Deterministic Adaptive Dictionary Engine — Phase 1 core (v3 brief).

A byte-first categorical engine designed to coexist with the existing Column::Categorical and FctColumn types (which stay for backwards compat). New code that needs a deterministic, memory-efficient categorical column should prefer CategoricalColumn from this module.

§Design summary

  • ByteStringPool — append-only Vec<u8> arena with stable (offset, len) handles. No String in the hot path.
  • ByteStrView — opaque (offset, len) handle into a pool.
  • AdaptiveCodes — 4-arm enum (U8/U16/U32/U64). Promotes deterministically when cardinality crosses 256 / 65 536 / 2³² boundaries.
  • ByteDictionaryBTreeMap<Vec<u8>, u64> lookup, frozen flag, CategoryOrdering policy. Deterministic by construction.
  • CategoricalColumn — codes + dictionary + optional null bitmap.

§Determinism contract

  1. All thresholds are integer-only. No float math anywhere.
  2. Lookup is BTreeMap, not HashMap — no randomized hashing.
  3. Lexical ordering uses raw byte comparison (Vec<u8>::cmp), not Unicode-aware sort. Cross-machine reproducibility is guaranteed.
  4. Code-width promotion is lazy — triggered only when the current arm physically cannot hold the next code (i.e., inserting code 256 into a U8 arm). It is not predictive.
  5. intern() on a frozen dictionary returns Err, never silently extends.
  6. The same byte sequence interned in two fresh dictionaries with the same CategoryOrdering produces bit-identical code sequences.

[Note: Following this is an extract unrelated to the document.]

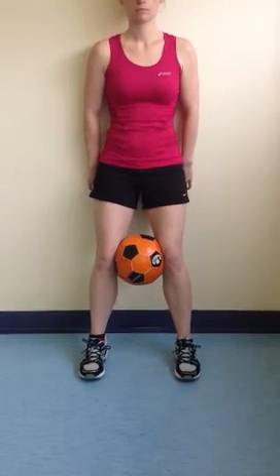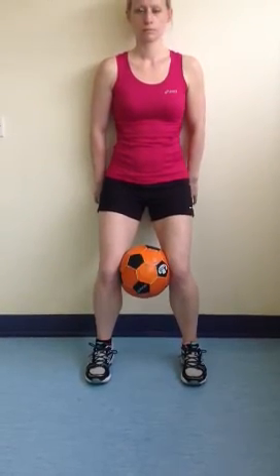Then we're going to slowly slide our back down the wall and let our knees bend, as demonstrated. As you're doing that, you're going to keep a bit of a squeeze, squeezing your knees together against the ball, and then come back to the starting position.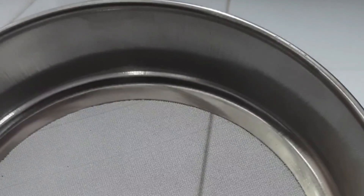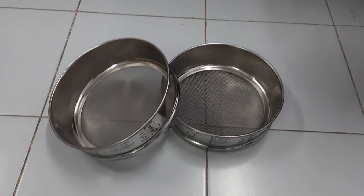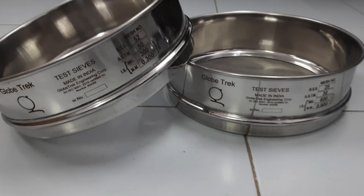See the bottom. You can see the smooth finishing of the inside edges and tight fitting of the wire mesh. These sieves have a diameter of 8 inches, which complies with the ASTM E11 standard.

§What this module does NOT do (deferred)

  • Wiring into TidyView verbs (Phase 2)
  • Categorical-aware group_by/join (Phase 3)
  • Replacement of existing Column::Categorical / FctColumn
  • Language-level .cjcl builtins

§Layout

Public API at the top, helpers below, #[cfg(test)] mod tests at the bottom. Inline unit tests pin every invariant in the determinism contract; bolero fuzz lives in tests/bolero_fuzz/categorical_dictionary_fuzz.rs.

Structs§

ByteDictionary
Deterministic byte-keyed dictionary.
ByteStrView
Opaque handle into a ByteStringPool. Cheap to copy.
ByteStringPool
Append-only byte arena. Each interned byte sequence gets a stable ByteStrView handle whose (offset, len) survives all subsequent insertions (the underlying Vec<u8> may reallocate, but the indices into it are stable).
CategoricalColumn
A categorical column: a vector of codes pointing into a shared ByteDictionary, plus an optional null bitmap.
CategoricalProfile
Internal stats computed by CategoricalColumn::profile(). Integer fields only — no float math, deterministic.

Enums§

AdaptiveCodes
Adaptive-width code storage. Promotes to a wider arm only when the current arm physically cannot hold the next code:
ByteDictError
CategoryOrdering
Policy for assigning codes to byte sequences during dictionary construction.
InternedCode
Outcome of intern_with_policy.
UnknownCategoryPolicy
Policy for intern_with_policy when a byte sequence is not in the dictionary AND the dictionary is frozen.